When my niece, food experience designer Hannerie Visser, secured two places at a shared table at world-renowned Noma restaurant, I jumped at the opportunity, writes Irna van Zyl in her latest Accidental Foodie column.
There are only two sittings a day, with room for 45 guests and a private room for 20, so no more than 110 visitors a day. And it’s almost impossible to get a booking.
The original Noma has been named the world’s number one restaurant in 2010, 2011, 2012 and 2014 in The World’s 50 Best Restaurants before it’s closure for a move to new premises. he day before our dinner, Noma 2.0, as it is widely known, with its new location with an entirely new concept and ownership structure, achieved second best status in the world at The World’s 50 Best Restaurant awards 2019.

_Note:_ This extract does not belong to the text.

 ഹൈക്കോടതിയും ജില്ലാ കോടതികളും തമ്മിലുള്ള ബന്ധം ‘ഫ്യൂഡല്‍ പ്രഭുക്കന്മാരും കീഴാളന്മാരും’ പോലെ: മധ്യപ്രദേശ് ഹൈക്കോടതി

Securing a booking at Noma isn’t easy. Hannerie has tried many times before, but this year she got lucky. She was waitlisted and her computer was open in front of her when the e-mail with the good news dropped. You have to pay immediately the full amount upfront (of about R5 000 per person) in order to secure your booking. And then you have to get yourself a Visa and a flight to Copenhagen as quickly as possible.
I arrived on the first day of Noma’s vegetable season. This means 18 courses of only vegetables. Our booking was for Wednesday, the late sitting that starts at 9pm.
The restaurant is on the outskirts of Copenhagen, about 15 minutes by taxi from the city centre. You’re greeted here and pointed inside to a hothouse, where you’re served a small local beer and can make yourself at home on wooden benches whilst meeting your fellow diners. We were six at a shared table – two Danes, one American married to an Australian and the two of us, the only South Africans in the restaurant.
The building is light and airy, with big windows looking out onto the herb gardens outside. The kitchen is in an open space adjacent to the dining area, from where you can intermittently hear shouts of “yes!” when a certain dish is ready.
The dishes come out in quick succession:
1. The butterfly
We’ve seen the butterfly from last year’s vegetable season, but it still blew our minds with its beauty. It’s made of nasturtium flowers marinated in pollen and arranged as a butterfly on an extremely thin piece of flat bread.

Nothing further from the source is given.